For now, every liter of 92-RON sold is subsidized with VND300 taken from the fuel price stabilization fund, a rainy day fund that is raised when businesses make profits. As of the end of June the rainy day fund had around $2.6 million left, according to the finance ministry.

The ministry said it could not cut fuel import tariffs further, and it decided to cut the profit rate which is used to calculate the base fuel prices by two third to VND100. Fuel retailers base on these base fuel prices to calculate their own retail prices.

Even after the latest hike, retail fuel prices in Vietnam are still lower than the international prices by VND426-465 per liter, according to the ministry.

Also on Jul. 17, retail prices of diesel have gone up by VND470 to VND22,260-22,310, while the price of kerosene rose VND420 to VND22,020. Mazut fuel oil prices stay unchanged at VND18,670-19,070.

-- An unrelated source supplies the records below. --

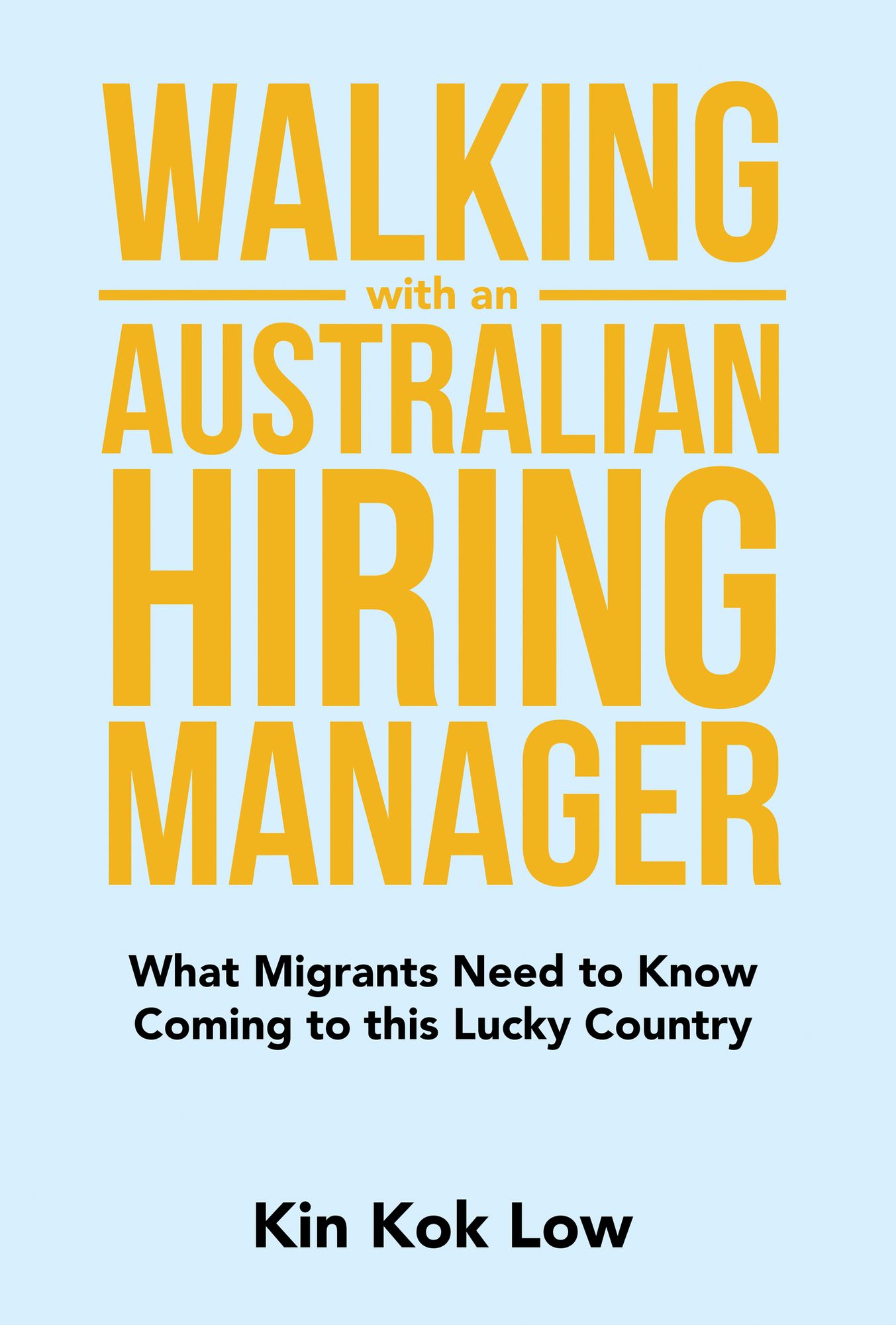 Walking with an Australian Hiring Manager: What Migrants Need to Know Coming to This Lucky Country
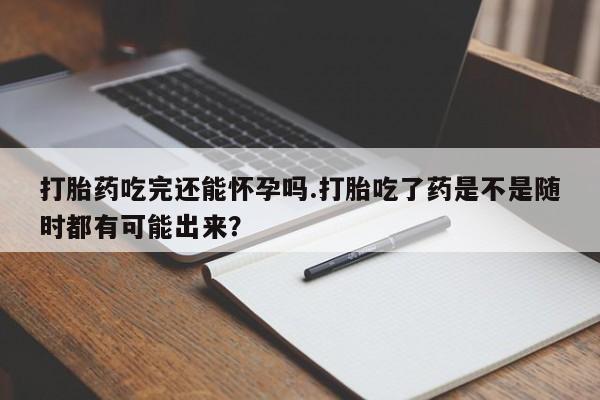 推荐个卖打胎药的微信打胎药吃完还能怀孕吗.打胎吃了药是不是随时都有可能出来？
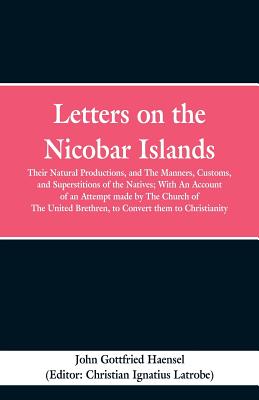 Letters on the Nicobar Islands: Their Natural Productions, and the Manners, Customs, and Superstitions of the Natives: With an Account of an Attempt M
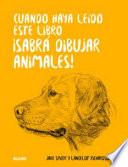 Cuando haya leído este libro ¡sabrá dibujar animales!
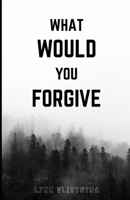 What Would You Forgive (The Callie Effect) B0FZ9BHQK2 Book Cover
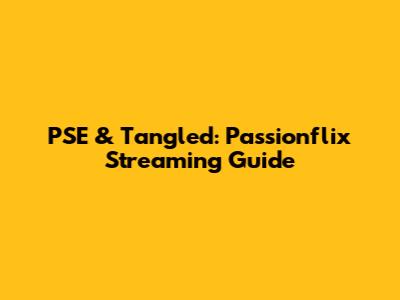 PSE & Tangled: Passionflix Streaming Guide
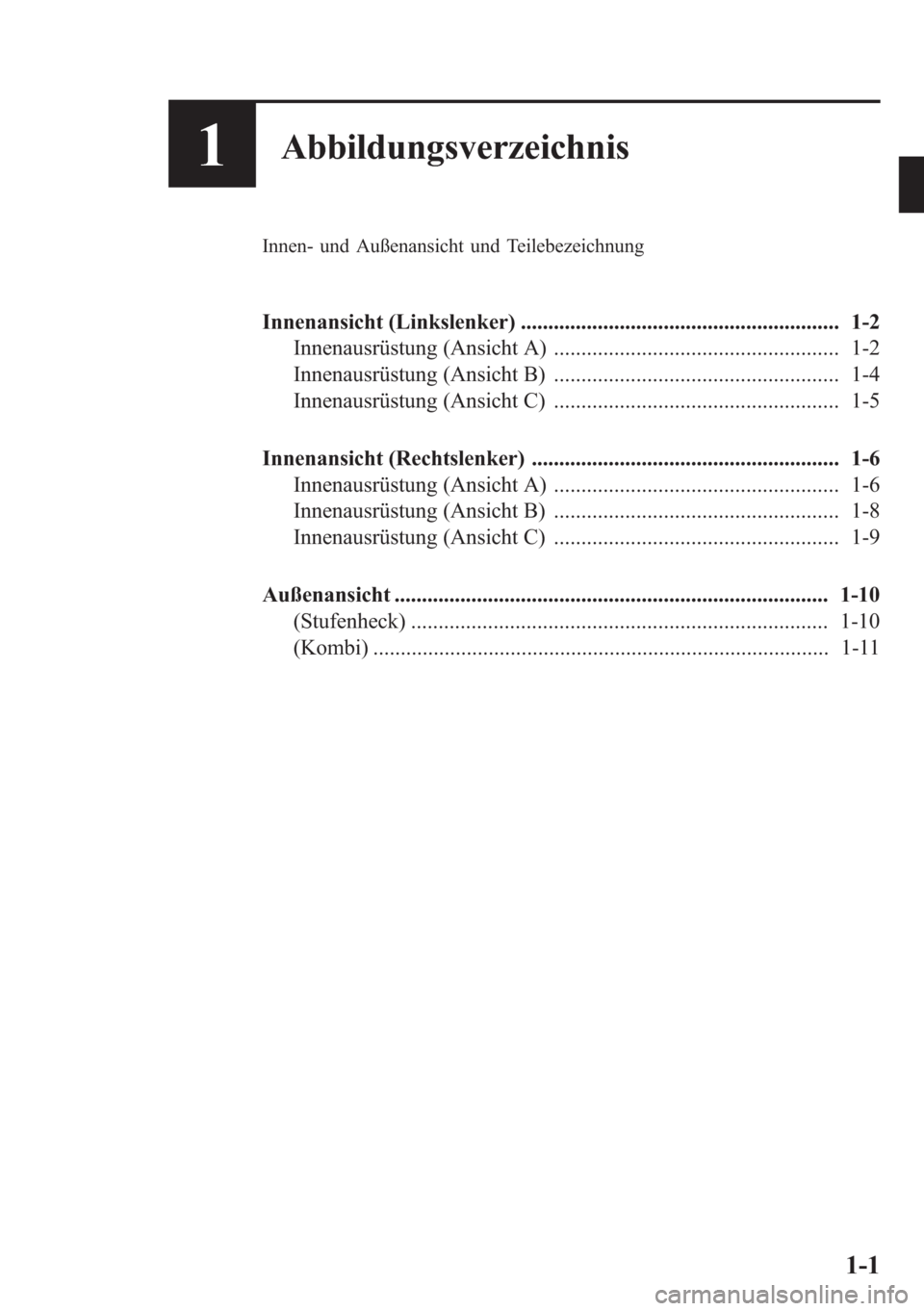 MAZDA MODEL 6 2015  Betriebsanleitung (in German) 1Abbildungsverzeichnis
Innen- und Außenansicht und Teilebezeichnung
Innenansicht (Linkslenker) .......................................................... 1-2
Innenausrüstung (Ansicht A) ............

Inflation in Vietnam rose 2.4 percent in the first half of this year. The government aims to keep inflation at 6.5-7 percent this year, while the World bank forecast prices to rise 8.2 percent during the same period. The steep deceleration in year-on-year inflation from 18 percent in December 2011 to 6.7 last June was largely a result of the government's measures to control prices.

Vietnam still has to rely largely on fuel imports, as its sole oil refinery Dung Quat can meet just thirty percent local demand.

Another project, the 200,800-barrel-per day Nghi Son oil refinery, is under construction and projected to start operations in 2017 to take up the local supply to 70 percent of the country's requirements.